The resurgence of 80’s nostalgia recently has resulted in some of the best media of the last ten years. Spielberg’s Super 8, Stranger Things, and the remake of It are all releases that jump to mind. In steps developer Fourattic and Devolver Digital with the release of Crossing Souls. Adventure games are nothing new, but an incredible soundtrack, and stylized retro graphics really help set Crossing Souls apart from other adventure titles.
Taking place in 1986, Crossing Souls follows a mismatched group of five teenagers. All of the main protagonists feel like they’re lifted straight out of the 80’s adventure movies like Stand By Me. There’s the trailer park Charlie, a female whose father is an alcoholic who doesn’t fit in with her social standing. Chris, our lead, and his little brother Kevin. Matt, the lovable nerd who doesn’t want to be put into any dangerous situations, and lastly Big Joe, the token black friend who fits right in with this eclectic group.
Things kick off pretty quick, right after Kevin finds a dead body in the woods and the group agrees to go check it out. They swiftly find themselves embroiled in a military conspiracy led by Major Oh Russ as he attempts to harness the energy of a powerful artifact. The group must stop Major Oh Russ, learn more about the artifact they find and rescue their parents from the grasp of this delusional military leader.

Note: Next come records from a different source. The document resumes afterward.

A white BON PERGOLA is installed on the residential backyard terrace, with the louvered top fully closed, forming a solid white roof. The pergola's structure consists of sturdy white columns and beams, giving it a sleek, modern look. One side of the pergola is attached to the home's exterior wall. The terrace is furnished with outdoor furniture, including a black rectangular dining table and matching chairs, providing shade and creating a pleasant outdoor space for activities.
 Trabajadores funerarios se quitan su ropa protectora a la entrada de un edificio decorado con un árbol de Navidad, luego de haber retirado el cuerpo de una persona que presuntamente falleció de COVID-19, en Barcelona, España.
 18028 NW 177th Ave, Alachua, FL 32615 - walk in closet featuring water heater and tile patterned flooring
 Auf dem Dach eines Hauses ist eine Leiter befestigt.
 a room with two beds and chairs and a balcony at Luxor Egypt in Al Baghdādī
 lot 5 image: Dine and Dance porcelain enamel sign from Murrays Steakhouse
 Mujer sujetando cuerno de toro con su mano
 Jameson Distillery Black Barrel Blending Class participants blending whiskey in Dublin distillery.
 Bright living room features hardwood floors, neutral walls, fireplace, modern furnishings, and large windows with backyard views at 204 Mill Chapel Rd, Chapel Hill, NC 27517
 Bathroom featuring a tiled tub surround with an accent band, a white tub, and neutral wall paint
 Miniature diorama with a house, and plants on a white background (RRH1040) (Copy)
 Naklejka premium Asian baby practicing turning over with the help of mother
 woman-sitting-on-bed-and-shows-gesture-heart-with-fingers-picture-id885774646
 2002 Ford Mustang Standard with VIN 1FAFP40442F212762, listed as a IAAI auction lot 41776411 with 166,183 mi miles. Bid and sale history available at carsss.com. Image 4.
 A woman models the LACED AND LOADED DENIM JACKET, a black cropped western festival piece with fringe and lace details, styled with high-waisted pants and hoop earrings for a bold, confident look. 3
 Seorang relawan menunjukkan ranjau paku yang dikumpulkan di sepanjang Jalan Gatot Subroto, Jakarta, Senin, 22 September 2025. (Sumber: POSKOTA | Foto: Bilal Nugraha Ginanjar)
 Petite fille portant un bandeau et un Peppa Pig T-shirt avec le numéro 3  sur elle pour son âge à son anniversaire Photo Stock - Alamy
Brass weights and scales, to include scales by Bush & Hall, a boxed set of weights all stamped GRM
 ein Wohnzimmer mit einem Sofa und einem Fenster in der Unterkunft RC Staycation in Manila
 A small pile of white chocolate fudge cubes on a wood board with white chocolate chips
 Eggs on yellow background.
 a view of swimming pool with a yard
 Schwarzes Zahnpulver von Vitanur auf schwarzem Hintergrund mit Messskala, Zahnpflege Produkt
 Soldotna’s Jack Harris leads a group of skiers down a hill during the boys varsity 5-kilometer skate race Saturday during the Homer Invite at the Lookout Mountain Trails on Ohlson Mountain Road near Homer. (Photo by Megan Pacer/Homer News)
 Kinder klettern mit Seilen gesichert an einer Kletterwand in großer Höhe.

The world of Crossing Souls is built a lot like the old school Zelda titles. Players navigate squares of the world and then move onto the next one uncovering clues and defeating enemies. The thing that really makes Crossing Souls so special is how packed it is with pop culture references, not just 80’s references either, but also current day references. It was pretty cool having references to things I’ve loved from the past few years in this old school game. For example, the treehouse these teenagers use had Dragon Ball posters hanging on the wall, but while I was exploring town I found a flyer that said “have you seen this man” with a picture of Heisenberg from Breaking Bad on it. These reverse throwbacks were pretty unique and it was an easy way for the developers to have me searching every nook and cranny for other references.
Each of the 5 characters in Crossing Souls is playable too. Most of the puzzles built into the world revolve around using each of the characters in unique was. One puzzle had me using Matt’s hover ability to work my way around a group of crates while navigating moving platforms, and then having Big Joe move crates around to reach a certain area. Each character has unique abilities, and each one is used in unique ways.
The soundtrack was the initial thing that actually drew me to Crossing Souls. I’m a big fan of the movie Drive, and the song I most associate with that movie is “A Real Hero” by College & Electric Youth. The musical sound of that song just oozes 80’s synth, and the song used in the trailer for Crossing Souls instantly reminded me of that song. The soundtrack in Crossing Souls is unique and varied throughout the 8 hour campaign. It’s all stylized for the time period, but each area’s unique music and sound effects really help bring the world to life.
The only thing that really felt like a detractor for me was the combat. Each character has unique abilities, but it often felt like I was just mashing the square button (the attack button) until either my enemies died, or my character was low enough on health I needed to switch. The boss fights had a bit more variation in them which was nice, but most of the game had me fighting weaker enemies. Boss fights in Crossing Souls forced me to switch up my tactics. One boss had me evading energy blasts until he needed to recharge, which was the time to have Matt use his energy gun to blast power converters to overload them and then have Big Joe pull them out of place. These fights felt like puzzles within a boss battle which helped mix up the combat system.
I mentioned the stylized graphics before, but Crossing Souls is uniquely beautiful. The world is full of people to talk to and detailed towns, sewers and graveyards. Interspersed throughout the exploration are beautiful hand drawn cutscenes that break up the gameplay in between sections. The world is vibrant, and there are lots of things to do hidden throughout each area.
After doing a little bit of research on Crossing Souls, I found out that there was actually a Kickstarter campaign initially associated with it. After partnering with Devolver Digital, it was announced that Devolver would publish Crossing Souls no matter if they hit their crowdfunding goal or how far into the goal developer Fourattic reached. It’s a good thing too, because Crossing Souls is a fun, varied, 80’s throwback. Fans of old school adventure titles will feel right at home with the unique (but typical) cast of characters, and will want to explore every nook and cranny and talk to every unique character in this robust world.